Using the listing below, give again exactly the lines from the line with "Seller Financing |" to the line with "Anillo de compromiso", inclusive, without the pictures.

+++ RECORDS FOR PROCESSING +++

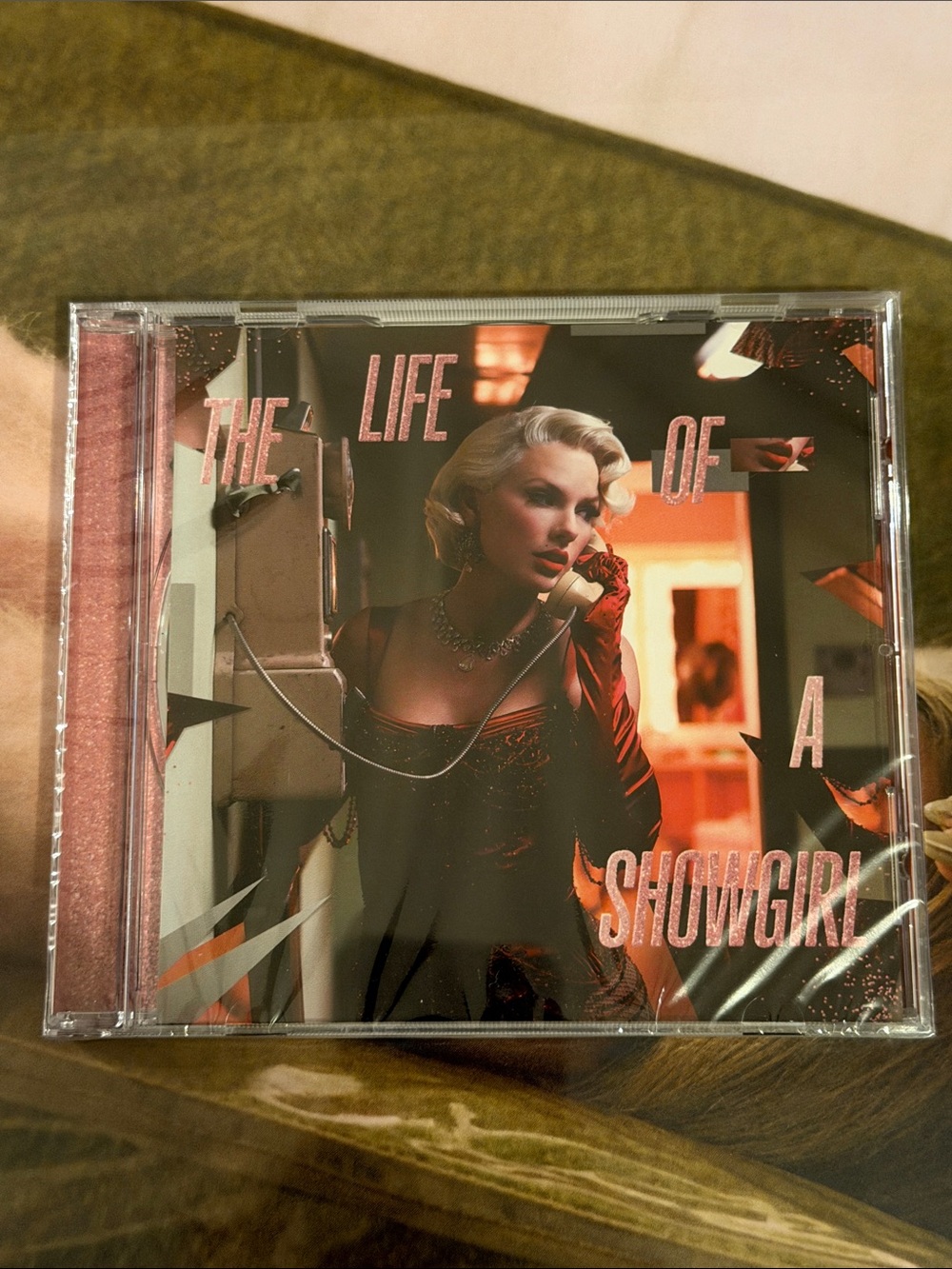 TAYLOR SWIFT: THE LIFE OF A SHOWGIRL (DRESSING ROOM REHEARSAL VERSION) CD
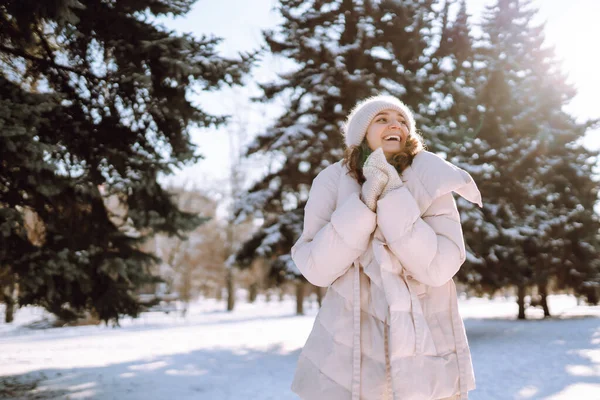 Szczęśliwa Młoda Kobieta Śnieżnym Zimowym Parku Zimna Pogoda Wakacje Odpoczynek — Zdjęcie stockowe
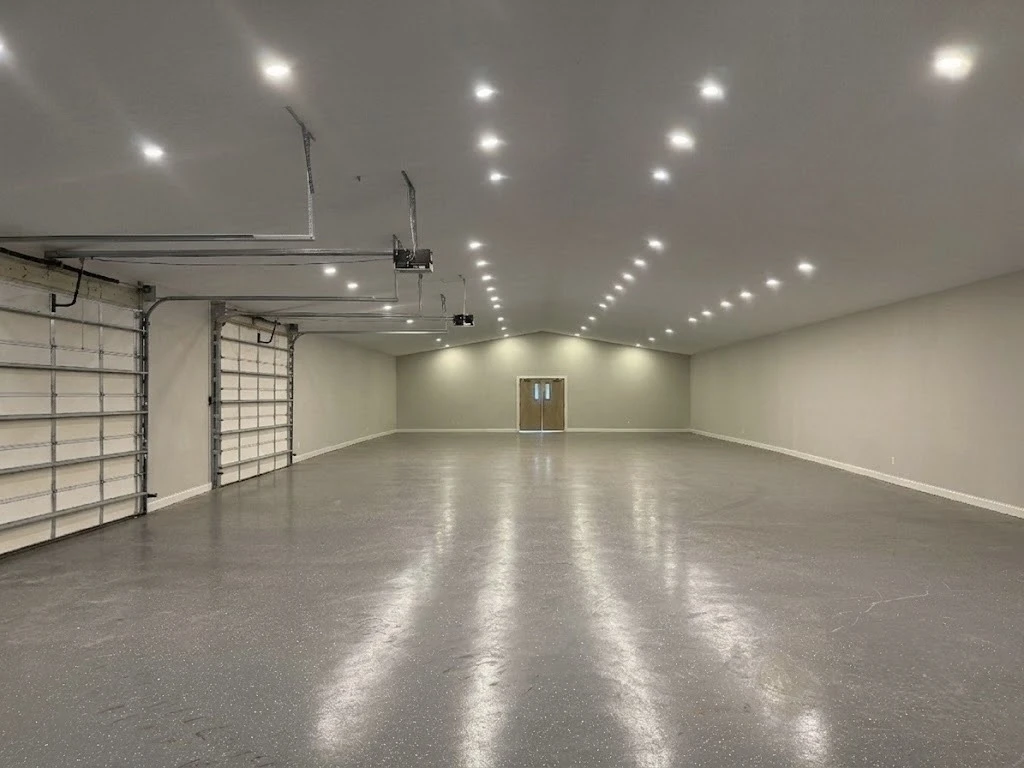 Seller Financing | 6.58-Acre / 8,180 SF on US-19 | Sale or Lease
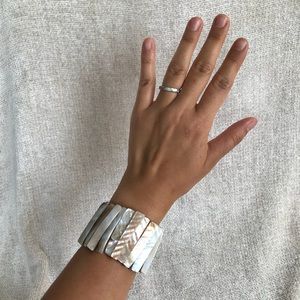 Mother of Pearl Shell Bracelet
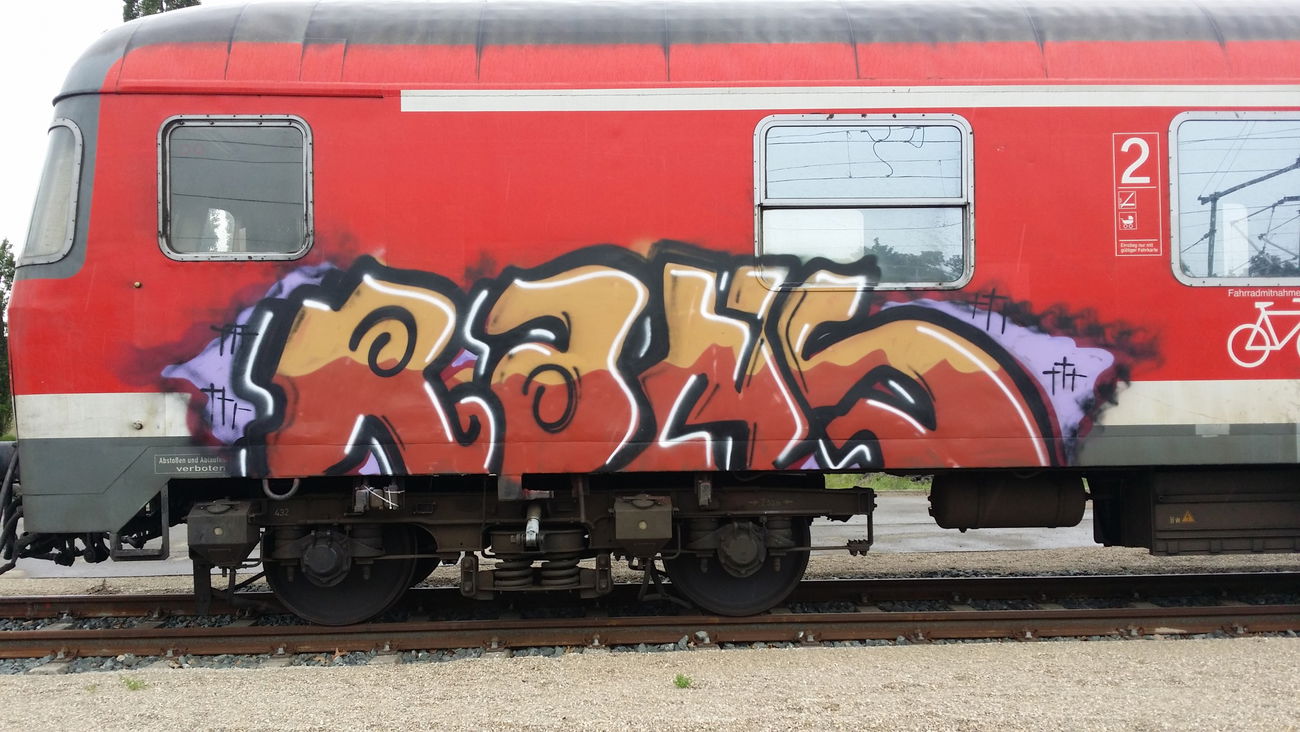 Graffiti Train in Nürnberg - Photo by dripslover - Rans (2015)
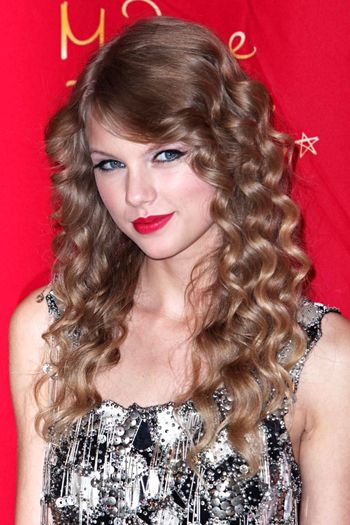 taylor_swift_wax_004_wenn5562362 - Taylor Swift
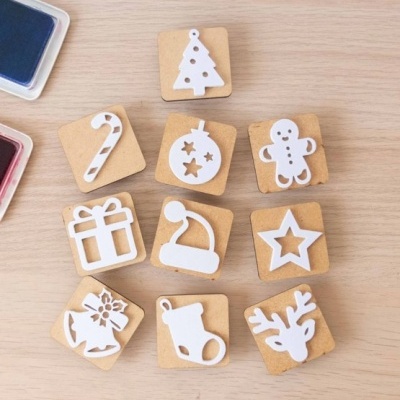 Conjunto de carimbos de Natal em madeira com motivos em branco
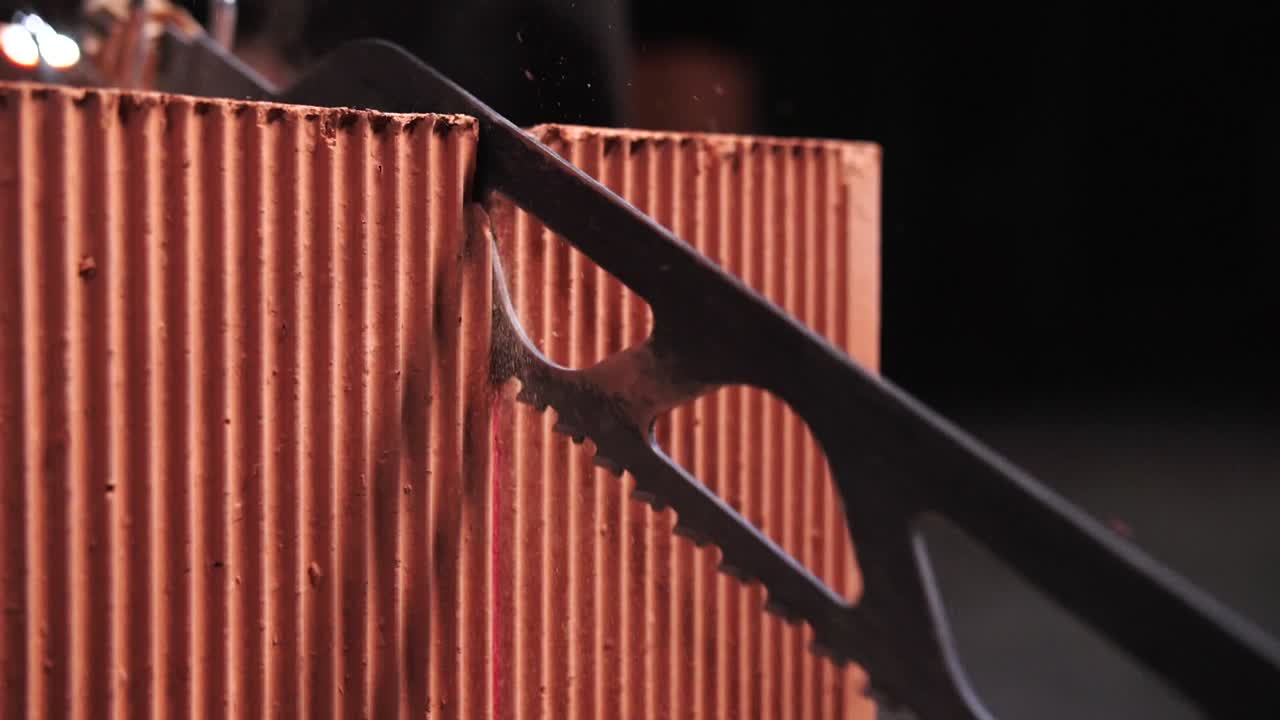 드 사로 벽돌을 잘라내는 것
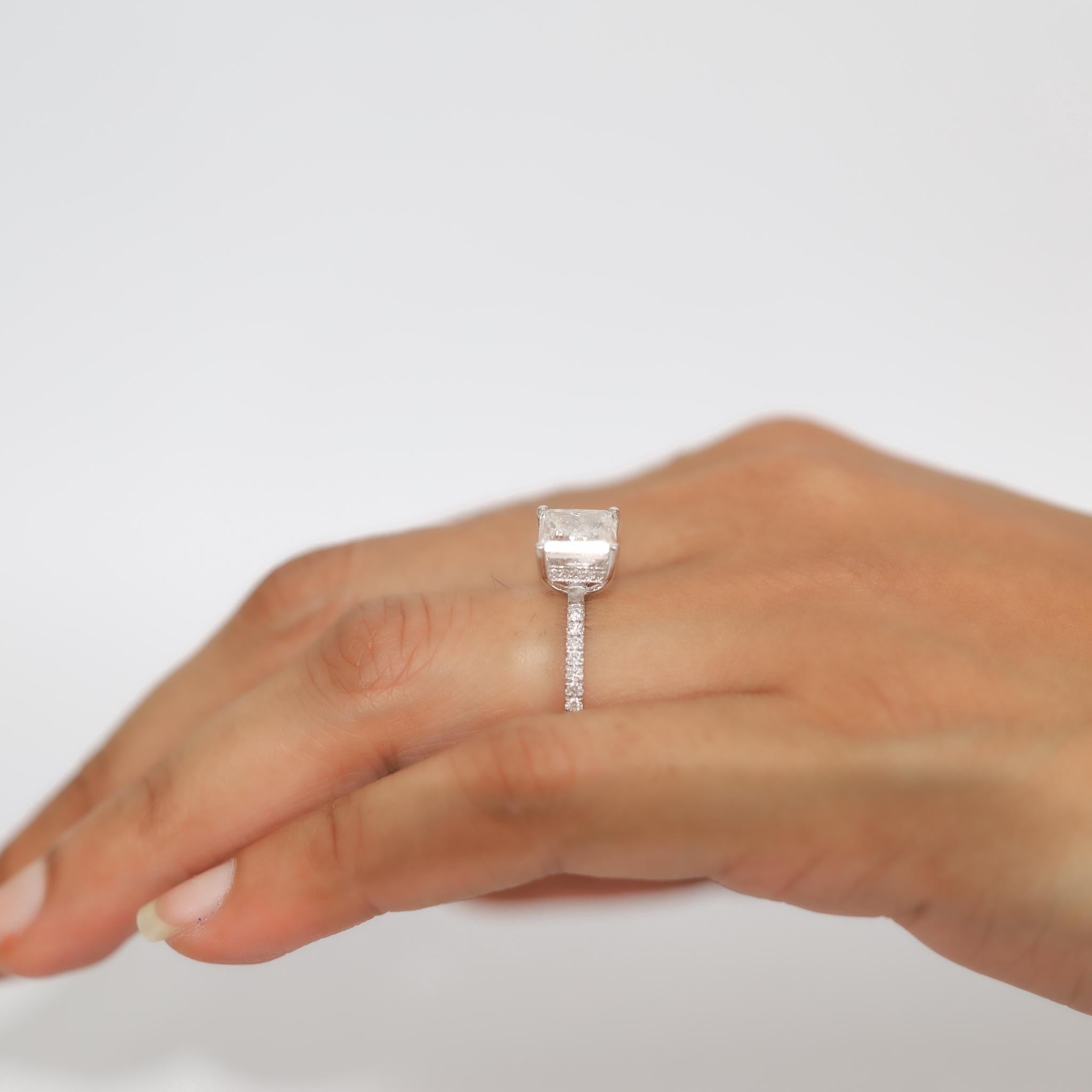 Anillo de compromiso con halo oculto de diamantes talla princesa certificado GIA de 3 ct en oro de 18 quilates en venta 3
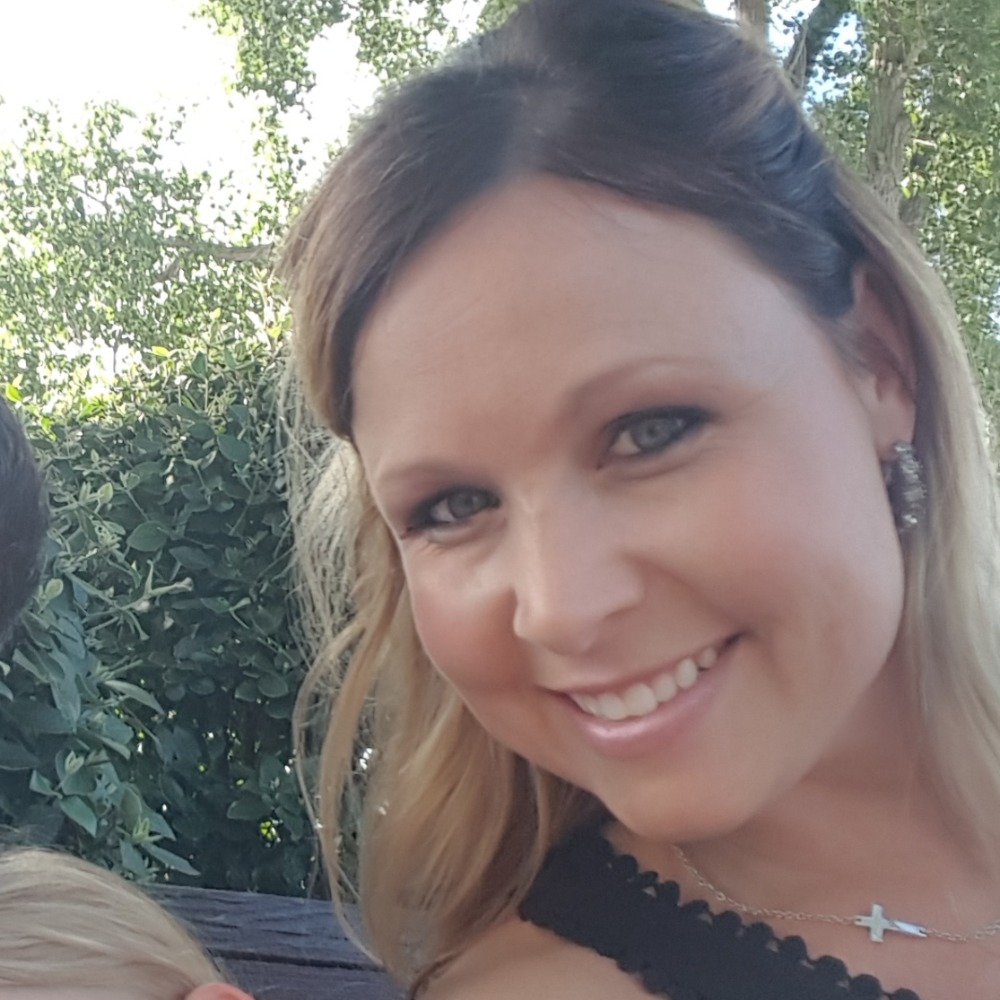 Meet your Posher, Carla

+++

OUTPUT BELOW =>
 Seller Financing | 6.58-Acre / 8,180 SF on US-19 | Sale or Lease
 Mother of Pearl Shell Bracelet
 Graffiti Train in Nürnberg - Photo by dripslover - Rans (2015)
 taylor_swift_wax_004_wenn5562362 - Taylor Swift
 Conjunto de carimbos de Natal em madeira com motivos em branco
 드 사로 벽돌을 잘라내는 것
 Anillo de compromiso con halo oculto de diamantes talla princesa certificado GIA de 3 ct en oro de 18 quilates en venta 3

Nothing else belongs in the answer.